Another limitation of this study is that cross-sectional data are used rather than longitudinal data. The functional patterns estimated in this study can be assumed to occur over the lifetime of an individual. On the other hand, since there are individual differences in the rate of aging, the use of cross-sectional data may be one reason why the results of this study are not so stable. Although it is difficult to obtain longitudinal methylome data spanning human ages from young to old, it would be meaningful to apply DICNAP to longitudinal omics data.

Interpreting the results of this study in terms of cellular subsets is an important issue for future study. The changes in bulk methylation levels are expressed as a mixed effect of changes in the proportion of cell subsets and cell subset-specific methylation changes [30]. A deconvolution approach using cellular subsets and based on methylome data would be effective for obtaining information on cell subset composition [31, 32]. In addition, recent studies have been employed cytometry and scRNA-seq approaches on a large scale; such findings allow us to directly obtain information on cellular heterogeneity [33,34,35]. Understanding of the biological mechanisms underlying the methylation biomarkers associated with aging would be greatly enhanced if the details of cell subset proportions and subset-specific nonlinear aging changes were known.
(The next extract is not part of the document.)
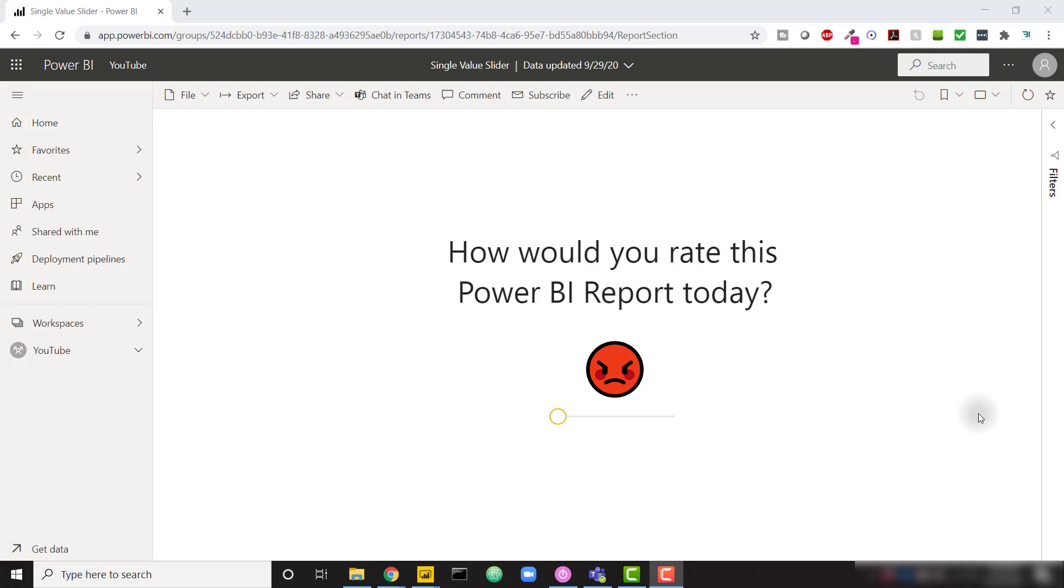What's up everybody, it's Parker with BI Elite. I have a fun video today showing you how to set up a single value slider within Power BI.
In recent years, attention has focused on the combined analysis of data from multiple omics layers, such as the epigenome, transcriptome, proteome, metabolome, and somatic genome [36]. DICNAP can be applied to a variety of aging omics data that are not limited to the methylome. An approach based on aging patterns across omics layers, including phenomics, is expected to provide a new direction for the construction of aging theory.

Conclusion

In this study, we developed a novel computational method, called DICNAP, to identify biomarkers associated with aging and to clarify the potential patterns of changes that emerge during aging in a data-driven manner. By applying DICNAP to DNA methylome data, we clarified the landscape of associations between DNA methylation and aging and identified the representative pattern of age-related changes in methylation intensity and variability. DICNAP can be used to elucidate the landscape of different aging-related changes and to contribute to a theoretical understanding of the aging process.

Methods

DNA methylome dataset

We obtained the large-scale DNA methylome datasets from Illumina HumanMethylation450 BeadChips in previous aging studies from the NCBI GEO database(GSE87571 [12] and GSE40279 [13]). We renamed GSE87571 and GSE40279 as Dataset1 and Dataset2, respectively. These datasets were selected using the following procedure. First, we searched for “(GPL13534 [GEO Accession Number] ) AND aging” in the NCBI GEO database, sorted the output by sample size, and used the top two datasets as Dataset1 and Dataset2, respectively.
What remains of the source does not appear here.